VINHO BASE ESPUMANTE (PINOT NOIR) CAVE DE GEISSE: Vinho límpido, amarelo palha (leve dourado), com reflexos esverdeados e castanhos. O olfato é intenso, nítido, com notas de abacaxi, frutas cítricas, maçã verde, pêssego, flores brancas e sutil tostado. No paladar apresenta uma boa acidez, bom volume e corpo leve. Tem uma estrutura média, com sutil amargor no final da boca. É muito equilibrado, com media persistência.
MERLOT BUENO BELLAVISTA ESTATE: Vinho de aspecto intenso, rubi profundo, violáceo. No nariz é complexo, com notas de fruta madura, jabuticaba, mirtillo; também com notas de café, chocolate, tostado leve, compota, geleia e tabaco. No sabor, é encorpado, tem as notas do carvalho e um ataque adocicado. É intenso, guardando, ainda, certa adstringência. Os taninos são marcantes, agradáveis. Tem certa potência em álcool e certa untuosidade, persistência média/alta.

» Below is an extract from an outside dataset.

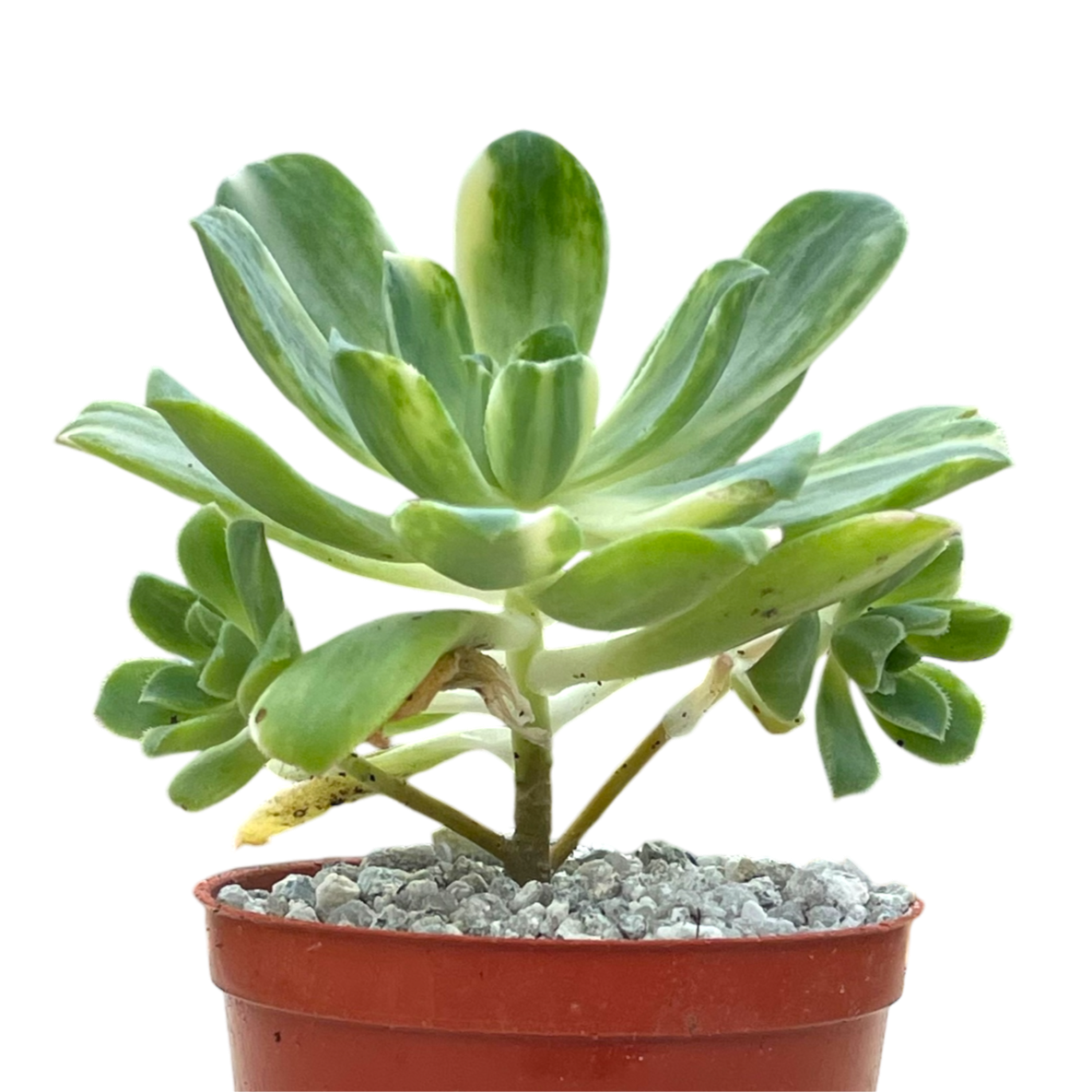 Aeonium 'Suncup'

Crédito da imagem: Gilmar Gomes
De modo geral, a qualidade média dos brancos foi mais regular e, neste ano, particularmente, a safra está vocacionada a excelentes brancos. Com exceção do Vale do Rio São Francisco, o inverno pouco rigoroso e uma primavera quente no período de florada e brotação, antecipou o ciclo vegetativo das videiras, favorecendo apenas as cepas de ciclo curto, especialmente para vinhos brancos e espumantes. Por outro lado, a região da Campanha, que tem se revelado com maior potencial para tintas, foi afetada pelas chuvas, o que provocou uma perda significativa do volume de variedades de ciclo médio, como Merlot, Tannat e Terodelgo. Não obstante, as cepas que dão base ao corte espumante (Chardonnay, Pinot Noir e Riesling Itálico), tiveram uma safra muito feliz, o que pode ser percebido pelas amostras apresentadas.

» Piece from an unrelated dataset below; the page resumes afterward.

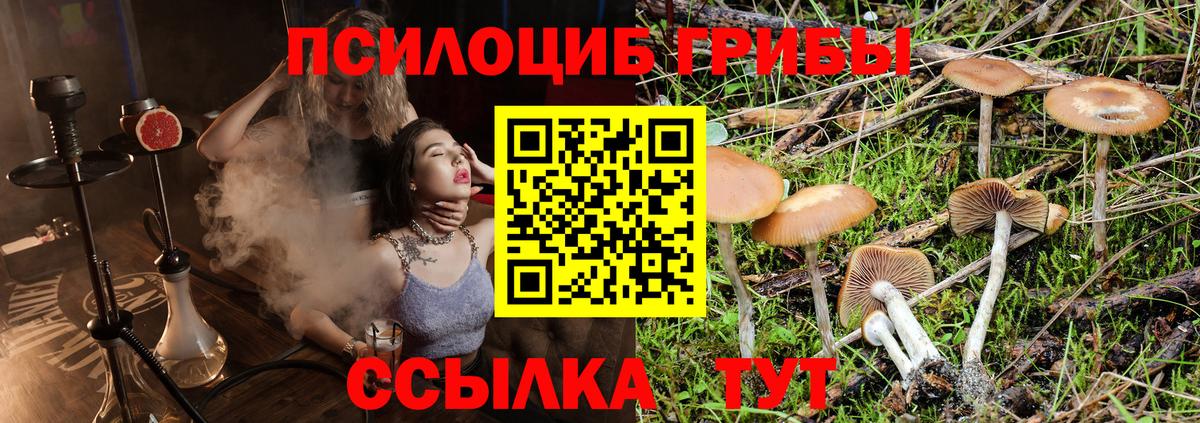 Псилоцибиновые грибы ЛСД Алапаевск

Fonte: http://www.dalpizzol.com.br/galeria.php
A avaliação que se faz pelos comentaristas em público é, com certeza, menos significativa do que o processo que a antecede, feito em etapas sucessivas pelos enólogos, com mais precisão e rigor, dentro dos laboratórios da ABE. É necessário considerar que aquele é um momento de celebração e homenagens à nossa vitivinicultura e que qualquer avaliação mais pejorativa acabaria sendo um pouco “indelicada” por parte do convidado. Afinal, é uma cena emocionante de se ver, bem afinada e organizada, que nos dá a dimensão da importância do vinho brasileiro no RS e do glamour que permeia esse universo.
Crédito da imagem supra: Gilmar Gomes
Seja pelos vinhos da ANV e outros degustados na região, é incontestável o franco progresso da produção de vinhos nacional e a sua competência para fazer bons vinhos. O desafio é ser competitivo em preço e qualidade. Afinal, estamos formando consumidores cada vez mais exigentes: ele quer produto, preço e agora dá notas!
.
Sobre Autora: Míriam Aguiar é pesquisadora do mercado de vinhos, com Doutorado na USP e Pós-doutorado na UMR Innovation Montpellier, autora de livro e artigos sobre o tema e editora do Blog “Os vinhos que a gente bebe”.
É com muita satisfação que recebi e lí este post e confesso ter gostado muito.obrigado!!
É com muitíssimo atraso que faço as referências: super animador tomar conhecimento do esforço, seriedade e profissionalimso que nossa indústria e vinicultura avançam para estágio superiores em qualidade do que se faz no Brasil em matéria de vinho e assimilados, mas sem a divulgação do que é feito pouco adiantaria. Parabén pela cobertura e seguimos em frente, pois “no vinho, a verdade”!